Takeouts: Health Care in House, Corporate Apologies, Colts' Squeaker

Monday, November 09, 2009

  • Washington Takeout: Our Washington correspondent, Todd Zwillich, takes a look at the healthcare bill and what the paper-thin margin of victory in the House portends as the bill heads to the Senate.
  • Business Takeout: We get a story of a quest for corporate redemption from Louise Story, finance reporter for our partners The New York Times. John Reed, former head of Citigroup, is apologizing for his role in making the company so big and is now calling for reforms that would force the financial goliath (along with others like it) to split in two.
  • Sports Takeout: Ibrahim Abdul-Matin recaps Sunday's NFL action, including the Indianapolis Colts' squeaker agains the Houston Texans to hang onto their perfect record so far this season.

Guests:

Ibrahim Abdul-Matin, Louise Story and Todd Zwillich

Comments [1]

Rick Evans

Someone tell Celeste, even the president has stopped pretending that "health care reform" legislation is what's happening in that nest of lobbyists, Congress.

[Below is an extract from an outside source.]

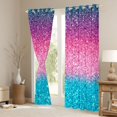 thumbnail image 3 of Homewish Glitter Stars Blackout Curtains Set of 2 (52x84 Each) for Girls, Rainbow Galaxy Curtain, Purple Pink Cyan, 3 of 5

He now uses "health insurance reform" which does little more than promise insurers 20 or 30 million more clients while allowing the rest of the medical industrial complex to continue its profligate high living off of its slice of the GDP hog.

And, despite those summer Obama press conferences by the president about voluntary hospital, insurance and drug company concessions, voluntary promises by corporations over ten years are empty promises.

The insurance company bogyman is just a diversion from the real issues which are we spend double what other industrial nations spend on health care, medical spending continues to spiral and our higher spending provides more care but not better care.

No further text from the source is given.